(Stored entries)
Start of Block
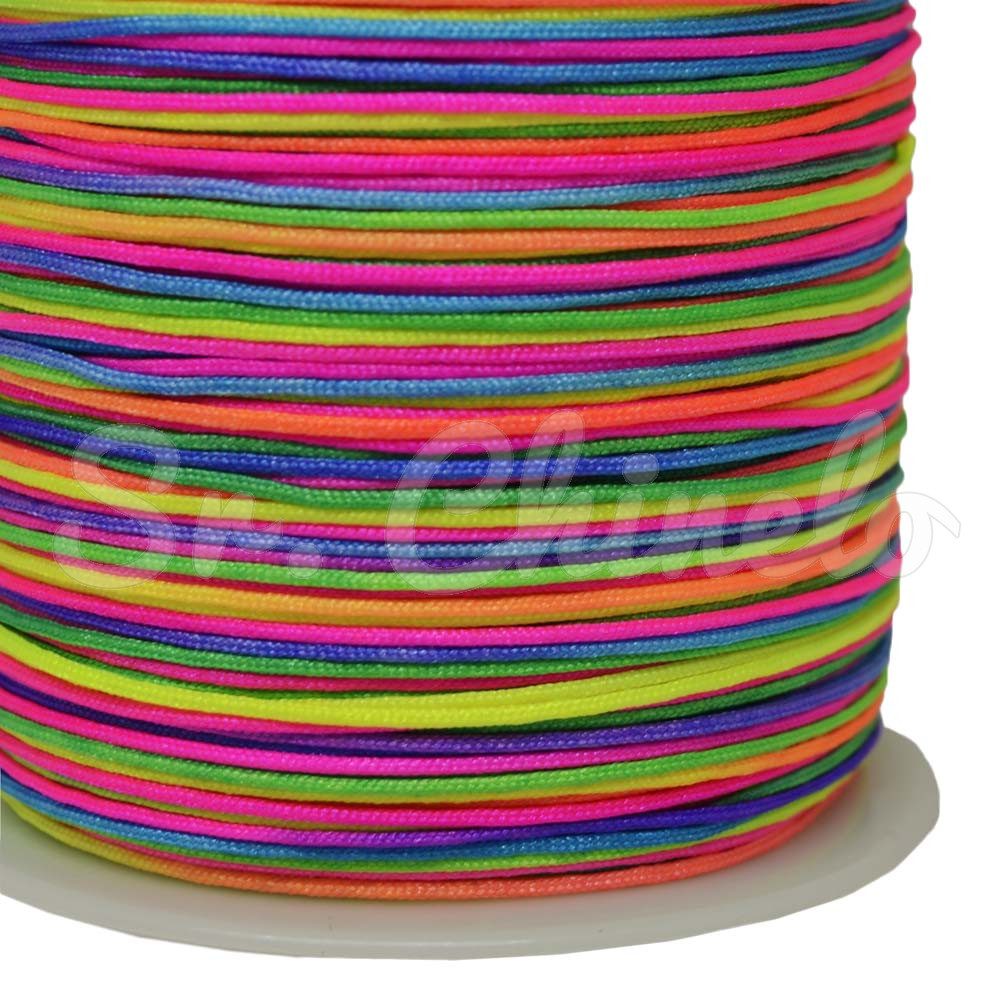Fio de Seda, 0.8mm, Mesclado Colorido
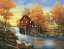 Picture of AUTUMN SUNSET AT THE OLD MILL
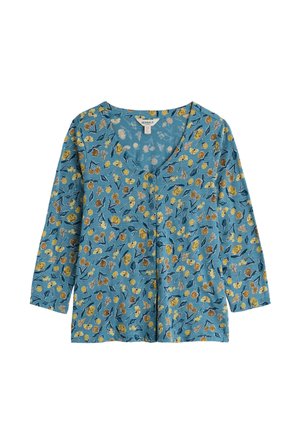 Seasalt Cornwall, SEASALT CORNWALL 3/4 STUDIO GLASS TOP - Blouse - blue - plant cuttings cadet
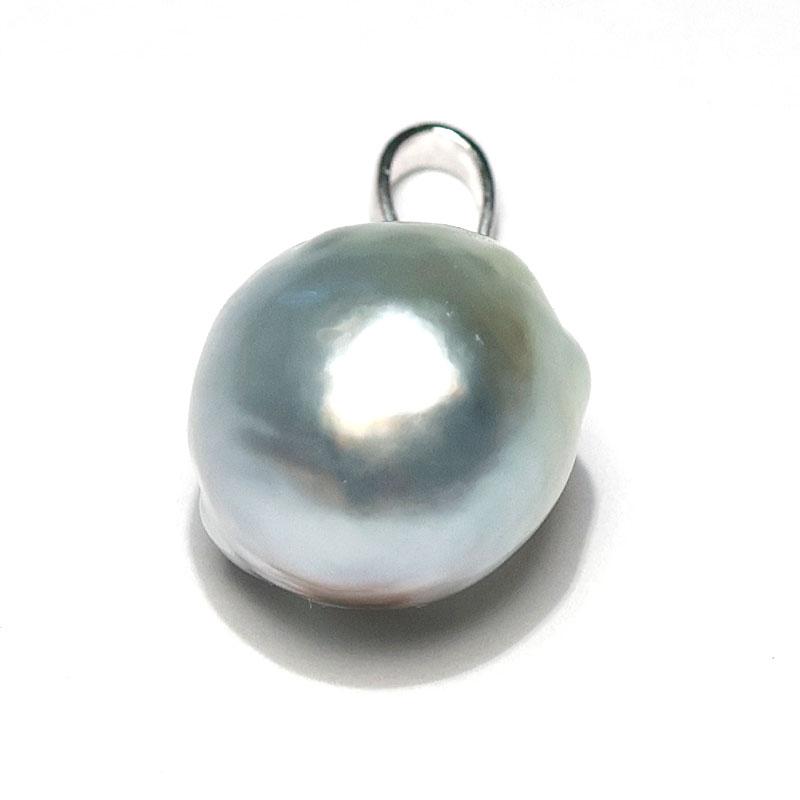 パールペンダント 大珠バロックパールペンダント幅14.6mm縦17.8mm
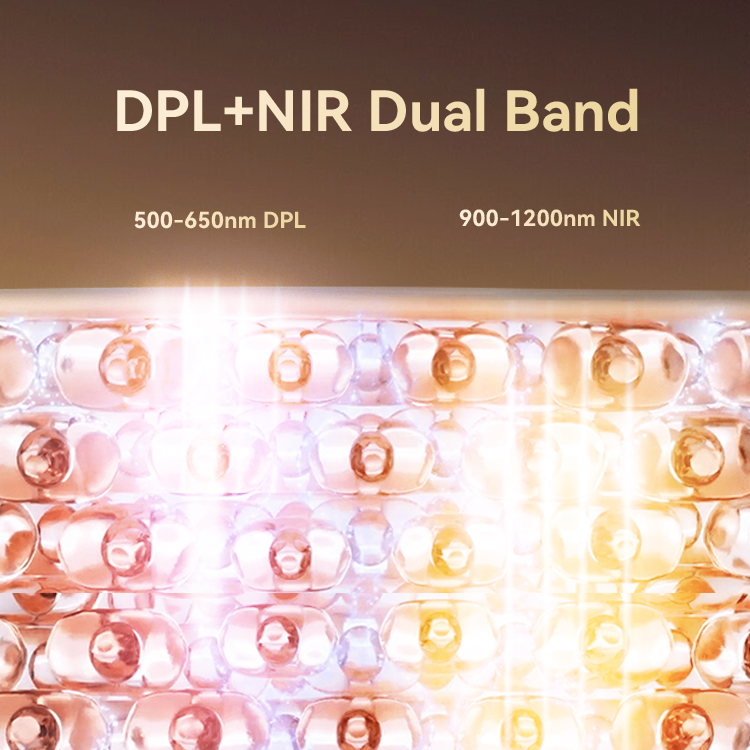 Professional High Quality Milk Light Beauty Device DPL NIR 500nm 1200nm Face And Full Body Skincare Equipment For Home Use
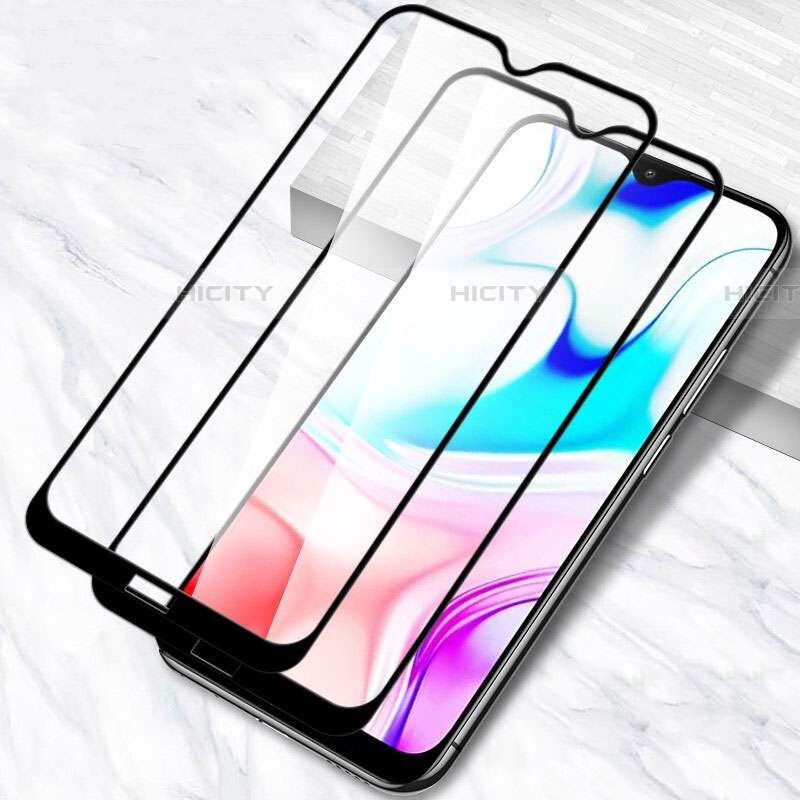 Schutzfolie Full Coverage Displayschutzfolie Panzerfolie Gehärtetes Glas Glasfolie Skins zum Aufkleben Panzerglas für Xiaomi Redmi 8A Schwarz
End of Block
→ Work to be completed
Reproduce the data verbatim. Do not carry any picture into the copy.

→ Exercise solution
Fio de Seda, 0.8mm, Mesclado Colorido
 Picture of AUTUMN SUNSET AT THE OLD MILL
 Seasalt Cornwall, SEASALT CORNWALL 3/4 STUDIO GLASS TOP - Blouse - blue - plant cuttings cadet
 パールペンダント 大珠バロックパールペンダント幅14.6mm縦17.8mm
 Professional High Quality Milk Light Beauty Device DPL NIR 500nm 1200nm Face And Full Body Skincare Equipment For Home Use
 Schutzfolie Full Coverage Displayschutzfolie Panzerfolie Gehärtetes Glas Glasfolie Skins zum Aufkleben Panzerglas für Xiaomi Redmi 8A Schwarz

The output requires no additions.